• [HOW TO COMPLETE THIS TASK]: Your answer should consist only of the lines below from the one with "Femme assise, cousant, image 1/2" through the one with "Jogo de Lençol", copied exactly.

** DATA SUPPLIED follows **

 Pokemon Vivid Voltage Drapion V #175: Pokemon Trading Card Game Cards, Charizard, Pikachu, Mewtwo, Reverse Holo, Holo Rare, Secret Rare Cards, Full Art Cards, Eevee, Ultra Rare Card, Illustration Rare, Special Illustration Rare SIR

** End of DATA SUPPLIED **
** DATA SUPPLIED follows **

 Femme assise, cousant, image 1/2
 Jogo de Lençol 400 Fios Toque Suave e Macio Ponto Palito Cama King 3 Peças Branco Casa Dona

** End of DATA SUPPLIED **
** DATA SUPPLIED follows **

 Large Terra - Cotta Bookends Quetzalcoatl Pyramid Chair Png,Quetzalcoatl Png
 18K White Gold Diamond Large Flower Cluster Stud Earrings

** End of DATA SUPPLIED **

• [COMPLETED EXERCISE]:
 Femme assise, cousant, image 1/2
 Jogo de Lençol 400 Fios Toque Suave e Macio Ponto Palito Cama King 3 Peças Branco Casa Dona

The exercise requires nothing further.